**Brief:** Set down all of the data that follows word for word, without the images.

**Supplied information:**
· · · ·
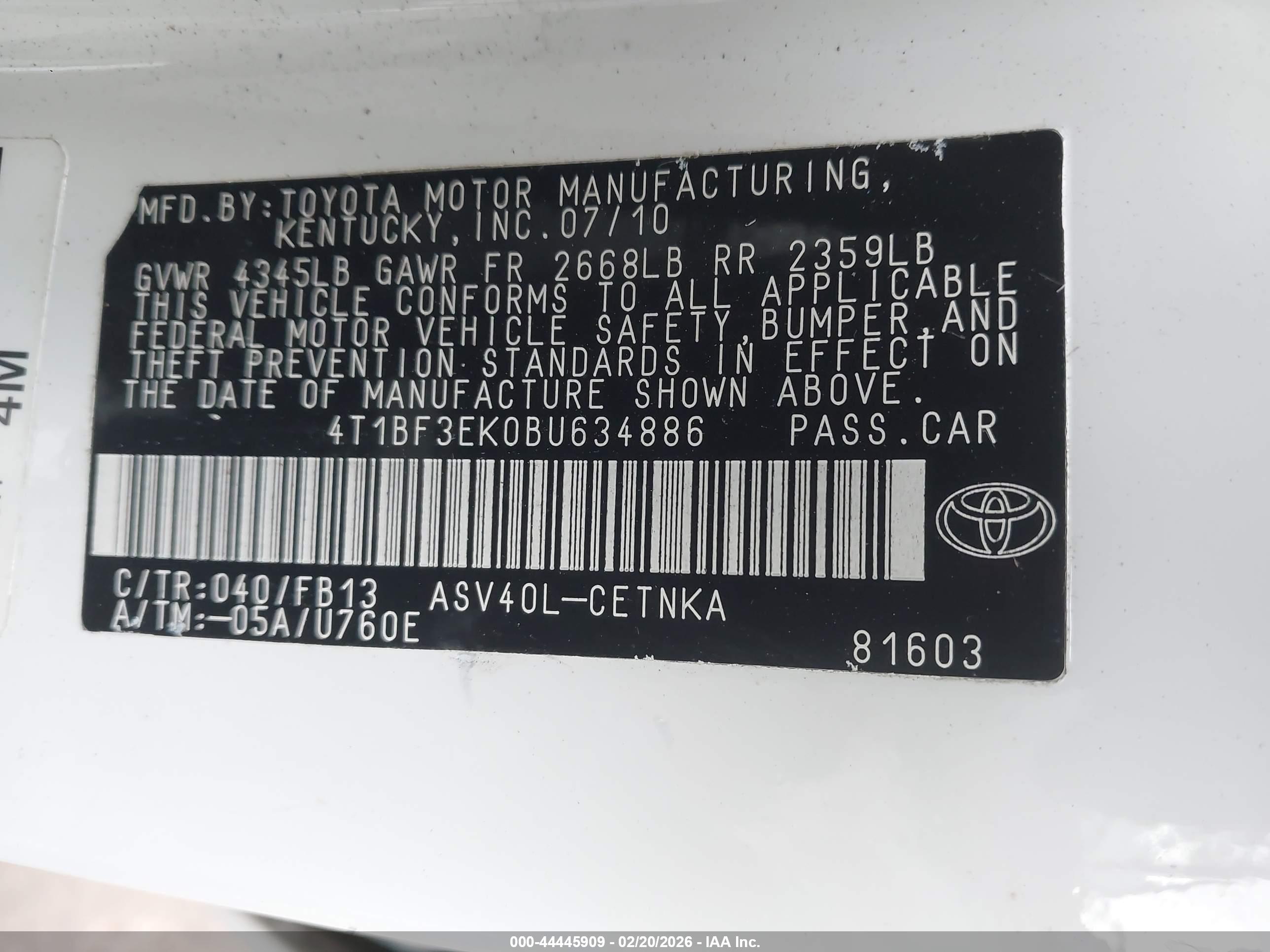 TOYOTA CAMRY image 9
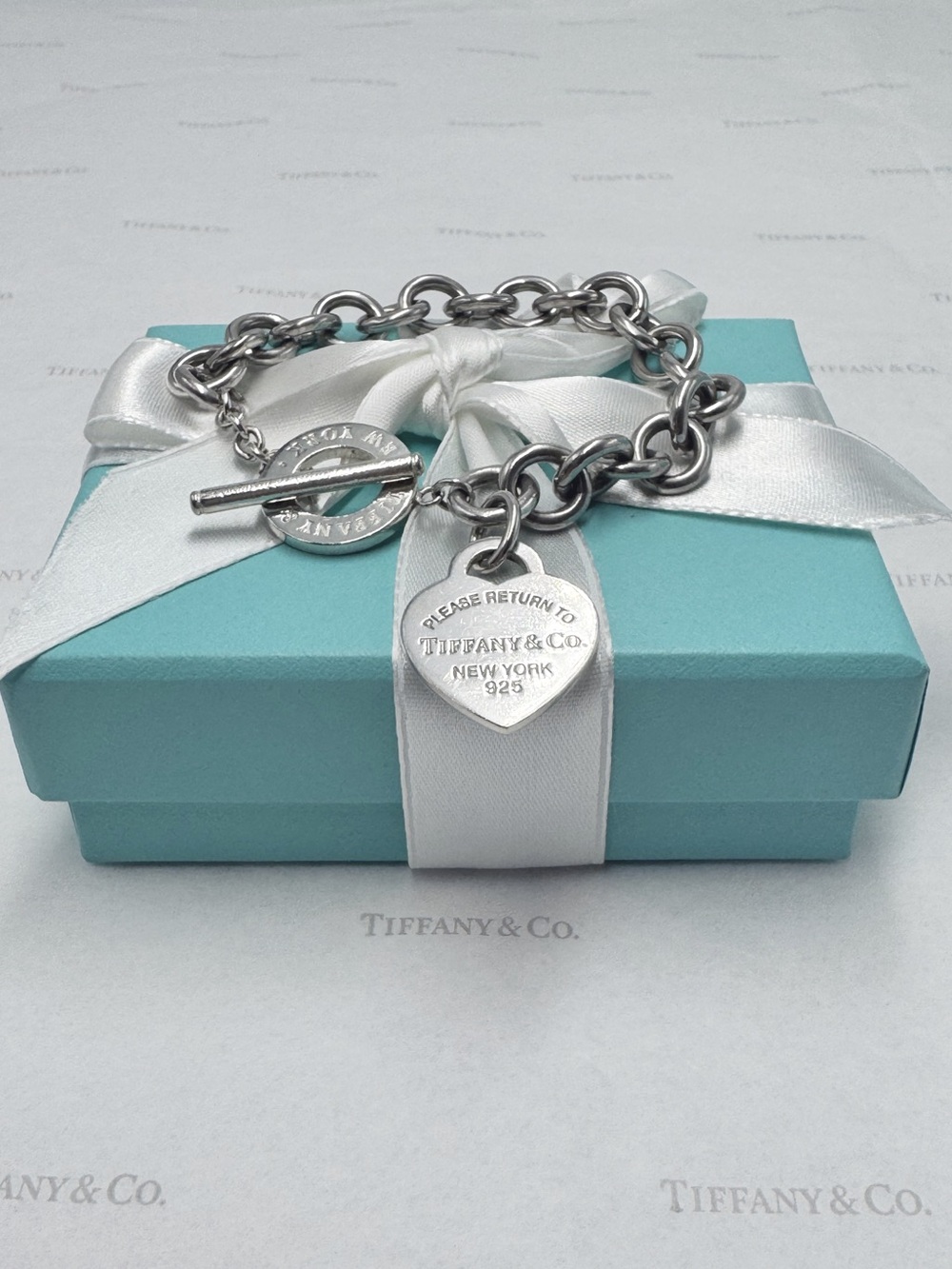 Tiffany & Co. Return to Tiffany Heart Tag Toggle Bracelet Sterling Silver Gift - Picture 8 of 11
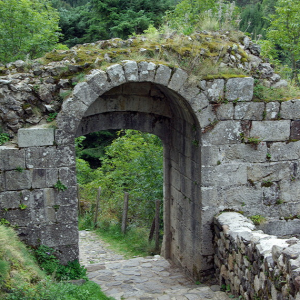 Arlempdes, château gateway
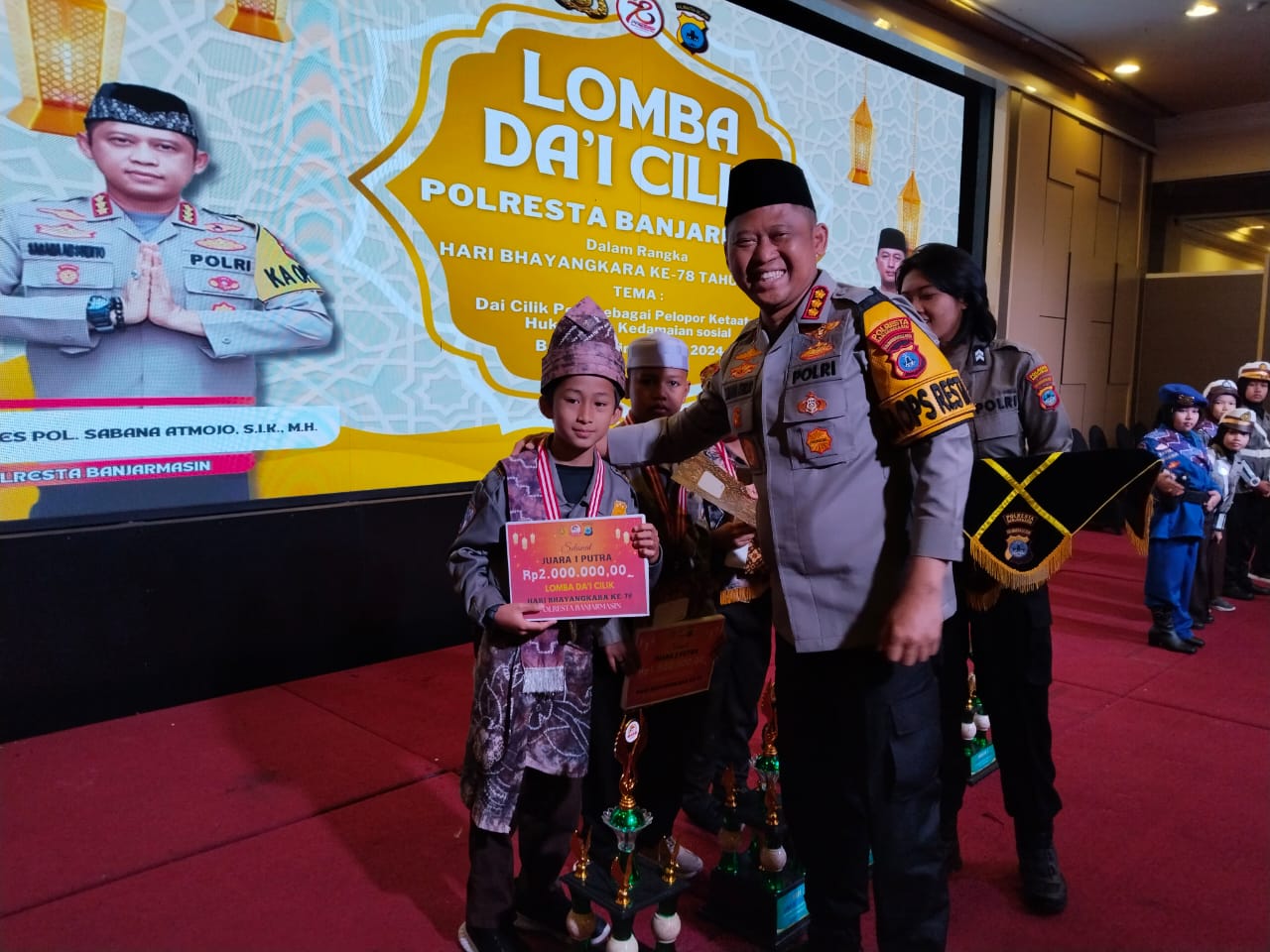 Reiza Ardaffa Hanif dan Nur Rafika Juara 1 Kontes Da’i Cilik Polresta Banjarmasin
· · · ·
**Solution for this exercise:**
 TOYOTA CAMRY image 9
 Tiffany & Co. Return to Tiffany Heart Tag Toggle Bracelet Sterling Silver Gift - Picture 8 of 11
 Arlempdes, château gateway
 Reiza Ardaffa Hanif dan Nur Rafika Juara 1 Kontes Da’i Cilik Polresta Banjarmasin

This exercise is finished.